Credit Suisse, which has followed the matter closely, said in a report that “the Court’s decision effectively wipes out the vast majority of Westinghouse’s $2.15B claim,” instead only permitting an independent auditor to focus on $70M of addressable working capital items that occurred between signing and closing.

The June 28 decision reverses a lower court decision made in December.

The deal between Westinghouse and CB&I resolved tensions and litigation as the nuclear construction projects, the first ever using Westinghouse AP1000 reactor designs, fell further behind schedule and hundreds of millions over budget.

To resolve matters, the two companies made the unusual agreement with a purchase price of zero.

The judges noted that the Yiddish term for nothing, or very little, is " bupkis," and that sounds like the name "of an iconic linebacker" who once played for the Chicago Bears football team, "Perhaps appropriately given Chicago Bridge’s Chicago connection."

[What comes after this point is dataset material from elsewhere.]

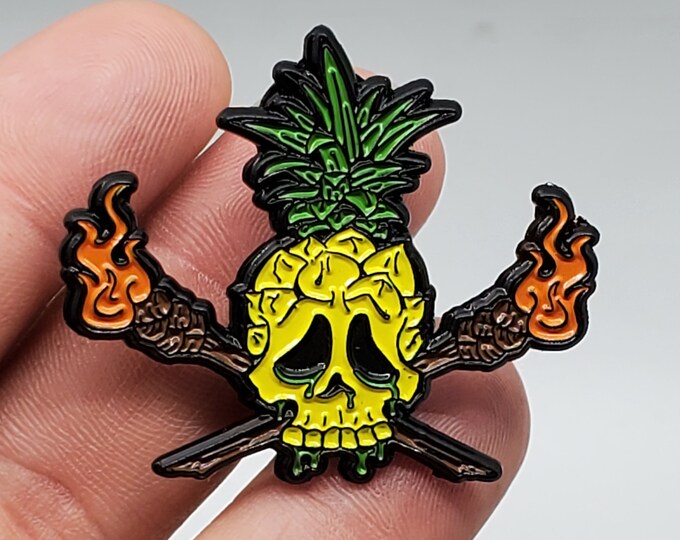 Tiki Rotten ROTTEN Pin Series #1 - Pineapple Skull With Tiki Torches *limited ...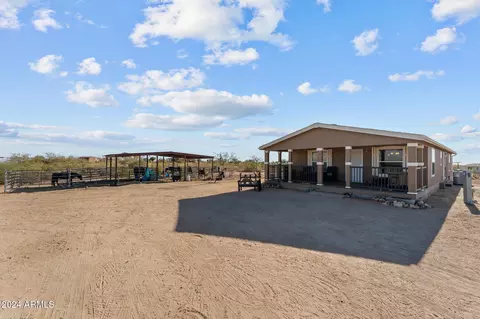 22401 W Steel Horse Rd, Congress, AZ 85332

The Chancery Court, the judges wrote of the trial court on a more serious note, failed to take account of the broad agreement in allowing Westinghouse to challenge the financial accounting used for the CB&I unit.

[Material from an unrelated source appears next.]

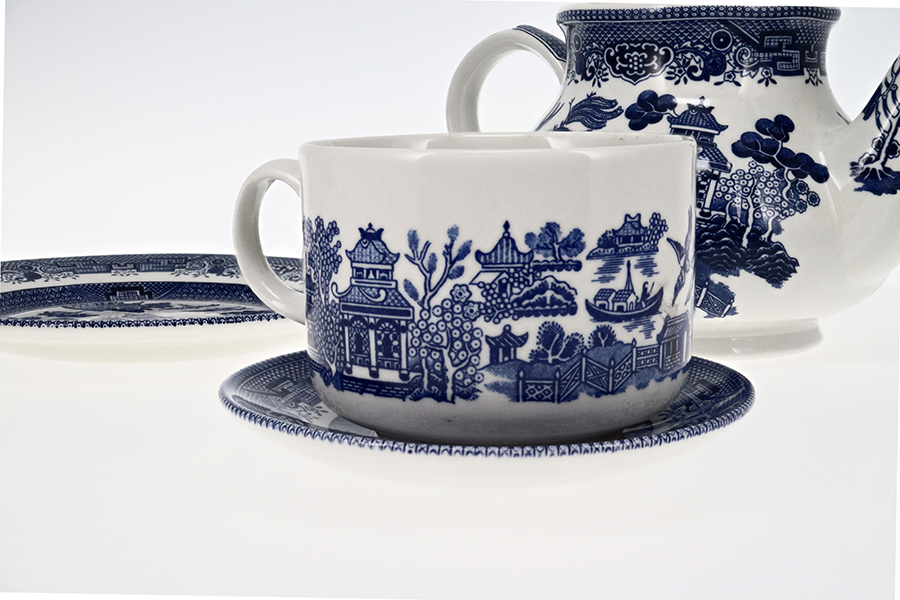 Image - Churchill Blue Willow Tea Saucer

Challenge to CB&I Accounting Procedures

The trial court had interpreted the true-up in the purchase agreement as allowing Westinghouse to challenge the historical accounting practices used in the CB&I Stone & Webster unit. The deal had set the unit’s net working capital at $1.174 billion, referred to as the target net working capital. The deal also stated that CB&I might receive payments if the projects met milestones for completion.

In any case, given the problems, the transaction's price was going to be zero or CB&I was going to owe money to Westinghouse.

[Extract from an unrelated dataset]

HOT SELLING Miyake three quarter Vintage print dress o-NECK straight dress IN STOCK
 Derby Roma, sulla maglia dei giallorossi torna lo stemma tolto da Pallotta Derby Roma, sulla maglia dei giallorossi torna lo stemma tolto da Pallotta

“Chicago Bridge would not be walking away from the deal with a check in hand constituting anything one could call sale profits in the colloquial sense of that term,” the Supreme Court judges wrote in the appeal decision.

Westinghouse’s own chief executive [who has since resigned], described the transaction as a “quitclaim,” allowing CB&I to, in the judges’ words, “walk away and not worry about the projects.”

Any disputes over the true-up, the appeals court judges wrote, would go before an independent auditor, “as an expert and not as an arbitrator,” who would issue a “brief written statement” in an expedited time frame of 30 days.

And a provision of the deal also indemnified CB&I over many matters related to the Stone & Webster unit.

The appeals court judges noted that Westinghouse, which is owned by Japanese giant Toshiba, failed in the deal closing to object to the accounting practices used for CB&I Stone & Webster. CB&I, the judges noted, booked as assets certain large claims against Westinghouse for the cost overruns on the nuclear projects.

All was known to Westinghouse, since it was the target of those claims.

“Westinghouse now argues that those claims were not accounted for in Stone’s financial statements in accordance with GAAP,” they wrote, referencing generally accepted accounting principles. “…Although Westinghouse says it believed that to be true before closing, Westinghouse, which had the right to refuse to close if Chicago Bridge had breached its representations and warranties, chose to close anyway.”

Impasse Led CB&I to Sue Westinghouse

When the companies reached an impasse over the true-up, CB&I sued Westinghouse and won a decision in Delaware’s Court of Chancery last December.

That trial court’s error, the Supreme Court judges now wrote, “rendered meaningless the Purchase Agreement’s Liability Bar.”

The next step in the case, according to Credit Suisse, is another hearing in Delaware Chancery Court on terms outlined by the appeal decision. And then the independent auditor is supposed to do its work.